*What is expected*
Copy out every line of the material below, character for character, apart from the pictures.

*Input data*
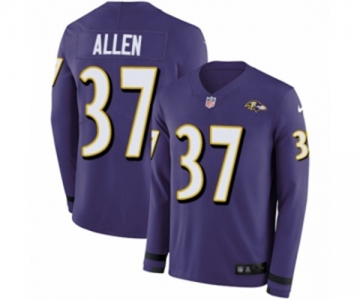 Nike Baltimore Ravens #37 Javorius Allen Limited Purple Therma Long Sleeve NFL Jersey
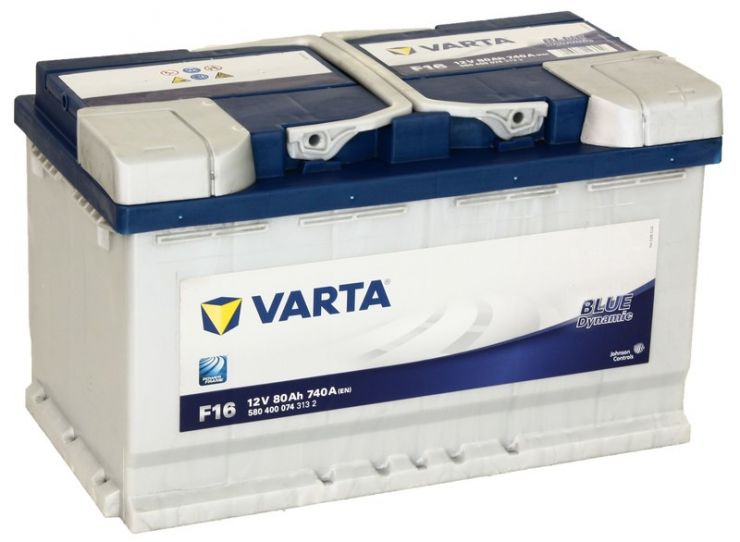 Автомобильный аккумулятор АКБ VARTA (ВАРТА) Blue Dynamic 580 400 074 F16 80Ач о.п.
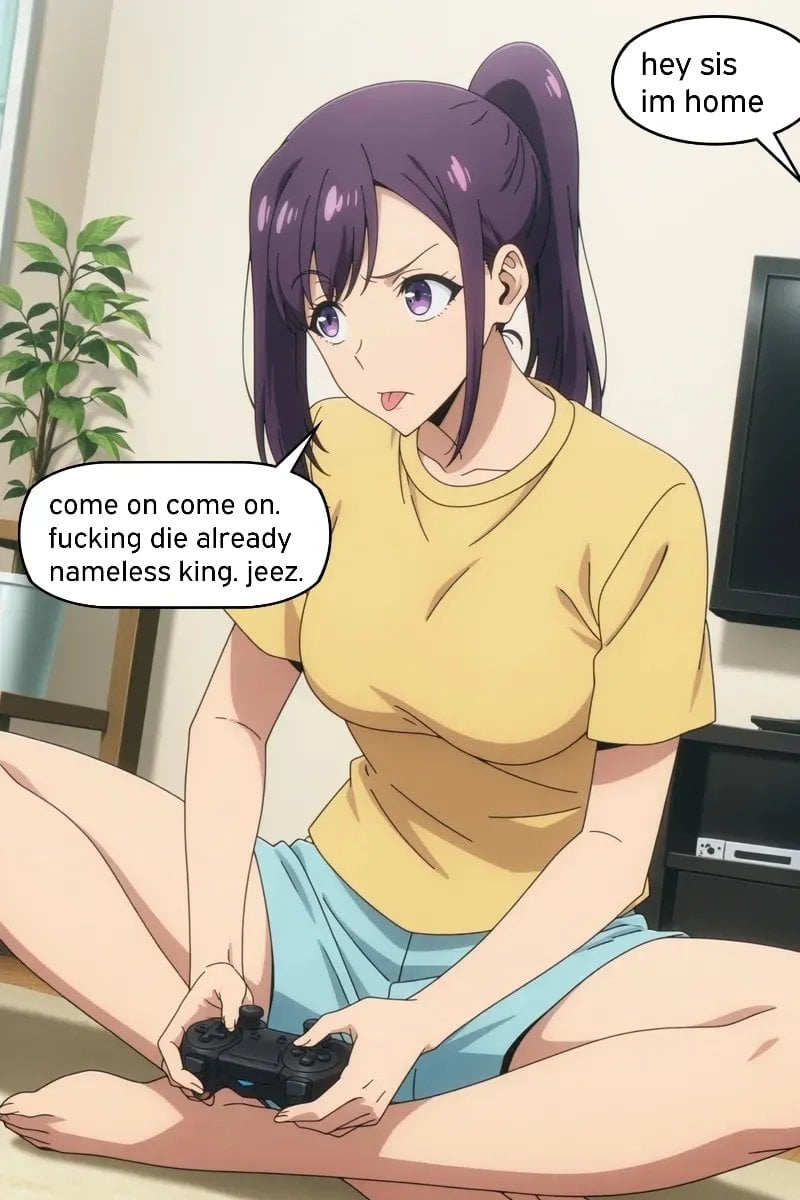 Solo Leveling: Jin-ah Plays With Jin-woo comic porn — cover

*Result for this exercise*
 Nike Baltimore Ravens #37 Javorius Allen Limited Purple Therma Long Sleeve NFL Jersey
 Автомобильный аккумулятор АКБ VARTA (ВАРТА) Blue Dynamic 580 400 074 F16 80Ач о.п.
 Solo Leveling: Jin-ah Plays With Jin-woo comic porn — cover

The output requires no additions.